Keep this rule of thumb in mind at Parc national de Miguasha on the southern Gaspé coast: pebbles, rocks, and fossils are protected at Miguasha, a UNESCO World Heritage Site considered the world’s best paleontological site representing the “Age of Fishes.”

An image of a fossil of a fish from Miguasha

The Age of Fishes, a.k.a. the Devonian period, happened 370-million years ago; before dinosaurs, before reptiles, even before mosquitoes. It captures the transition from water to land, from lobe-finned fish to tetrapod (the first terrestrial vertebrates with four limbs). It was a crucial evolutionary time, when an animal with a vertebral column was preparing to crawl out of the water and onto dry land. Miguasha is unique because of the quantity and the quality of the fossils.

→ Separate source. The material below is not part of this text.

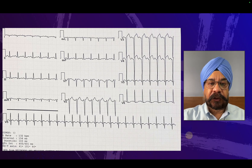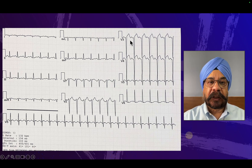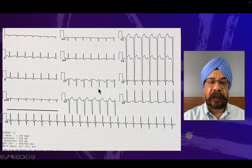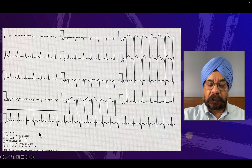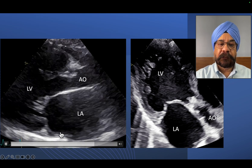On the ECG you see glaring left ventricular hypertrophy and a strain pattern, but there is an ST elevation which is noticeable in V3 and V4, more marked than other leads. Apart from that there is left atrial enlargement and the heart rate is sinus tachycardia. Let's begin with the echocardiography first.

One particular fossil takes star billing in the park’s interpretive centre – a specimen nicknamed worldwide as The Prince of Miguasha. It’s considered one of the world’s most important fossils because it’s so exceptionally evolved in such a primitive time period, developing airways, a strong spine, and bones similar to those in a human. The paleontologists’ research shows we all have a link to the water and to the fishes that once swam in the oceans.

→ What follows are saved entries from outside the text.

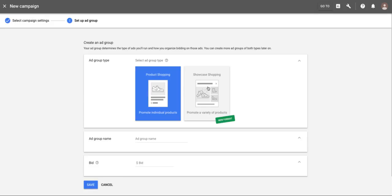The difference is that the original shopping ads would take you to a single product, whereas the new showcase shopping ads give you a header image or product image. As a user, it's almost like Facebook carousel ads — you can see multiple products and scroll through a variety of them.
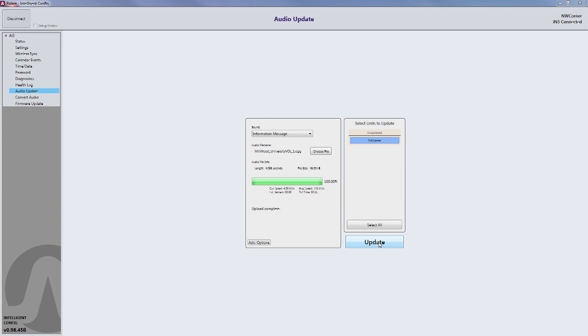Once you've finished uploading your custom audio files, you need to change the configurations in the button to use these new files. To do that, click on Settings in the upper left corner.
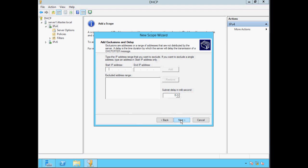We can also exclude IP addresses in the DHCP scope to prevent them from being issued to client devices. This can come in handy if you have devices such as network printers or managed switches with static IP addresses that you don't want to conflict with addresses assigned through DHCP. As an example, I'm going to exclude the first 10 IP addresses — 10.0.2.1 to 10.0.2.10 — click Add, and click Next.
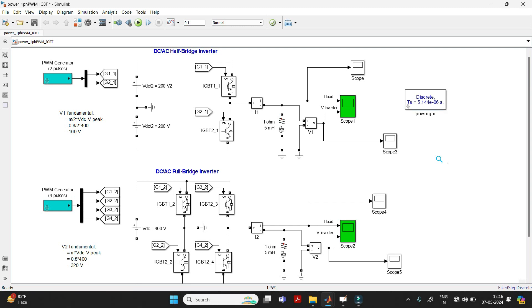Lower THD means you have a more efficient waveform; higher THD means you have a lower efficiency waveform. That's why finding the THD is crucial for any project to find out the efficiency and losses.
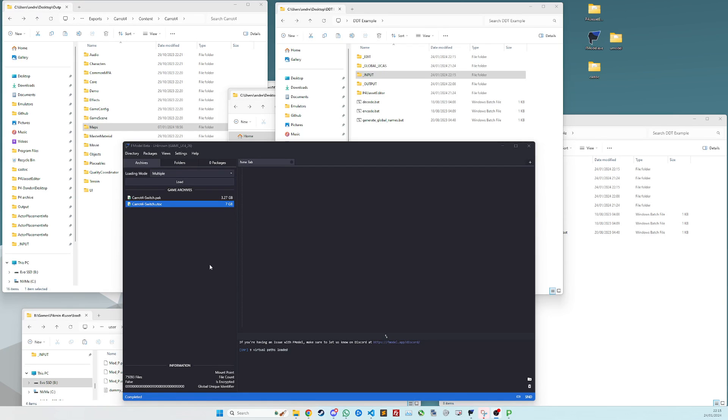Hello, welcome to my crash course of setting up Dandori Desktop, a modding tool for Pikmin 4. If you're new to modding, it's a bit complicated to set up and a lot of people are getting it wrong, so this might help you if you're one of those people.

The heritage park does not have a campground, but we found well-equipped sites a half-hour away at Carleton-sur-Mer campground with Wi-Fi, clean comfort stations and some pull-through sites.

Gaspé is somewhere we yearn to return. A look at the map has some RVers thinking it’s “a long way to nowhere.” In truth, it’s a beautiful drive to somewhere very special.

 

The suggested route: follow Route 132 (also signposted as Route de la Mer), hugging the coastline, perhaps straying inland for hikes in the forested Chic-Choc Mountains.

RV travel tips: There are long, steep hills near Percé and through Forillon National Park, but also frequent passing lanes and pull-off spots. Towns and services are spaced apart, so keep gas, propane, and fridge full.

Find fresh seafood right from the local fishmonger in many small communities, or sit down to enjoy a gourmet meal waterside in Percé at La Maison du Pêcheur, where the menu celebrates fresh sea scallops, shrimp, clams, salmon, and lobster.